Research suggests that migrant workers are probably not at any greater risk than other workers doing the same job. Before migrant workers are taken on and set to work, employers need to consider whether their migrant status presents additional risks which need to be taken into account. These may include in particular language and communication barriers.

Communicating necessary health and safety information and training where there is no common language is a challenge for employers. Some have developed ways of conveying information non-verbally. Visual aids are popular with overseas workers, as they overcome many of the limitations of poor English language skills. However, the greater the range of methods used to communicate, the more successful workers perceived them to be. Any single method, used by itself, is unlikely to deliver a comprehensive message, understood by all workers.

Only half of the workers interviewed had good or fluent English. Many workers claimed that their inability to speak English was the reason why they were working below their qualifications or skills. Many admitted to pretending to understand English in case it stopped them getting work, or of losing their jobs if their lack of English became known. But this has serious implications, particularly in relation to health and safety training, where some admitted they had not been able to follow and understand the training they were given.

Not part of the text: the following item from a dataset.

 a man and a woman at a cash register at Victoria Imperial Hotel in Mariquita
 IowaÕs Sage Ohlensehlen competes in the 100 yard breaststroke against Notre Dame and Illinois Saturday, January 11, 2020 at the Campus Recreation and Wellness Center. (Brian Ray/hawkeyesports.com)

Although employers interviewed said that knowledge of English was not an essential requirement for work, lack of or poor English among migrant workers made supervision more difficult. In many cases, employers preferred that supervision should be carried out in English, except where the employer shared a common language with the workers.

Using interpreters was also seen as a problem, because the employer did not know if instructions were being translated accurately or correctly. Also it was not easy to move workers to different jobs if their translators did not accompany them.

Even employees who do not speak English may need to understand a few simple key words and phrases relating to health and safety that others around them might use - obvious examples are "Fire!" and "Stop!"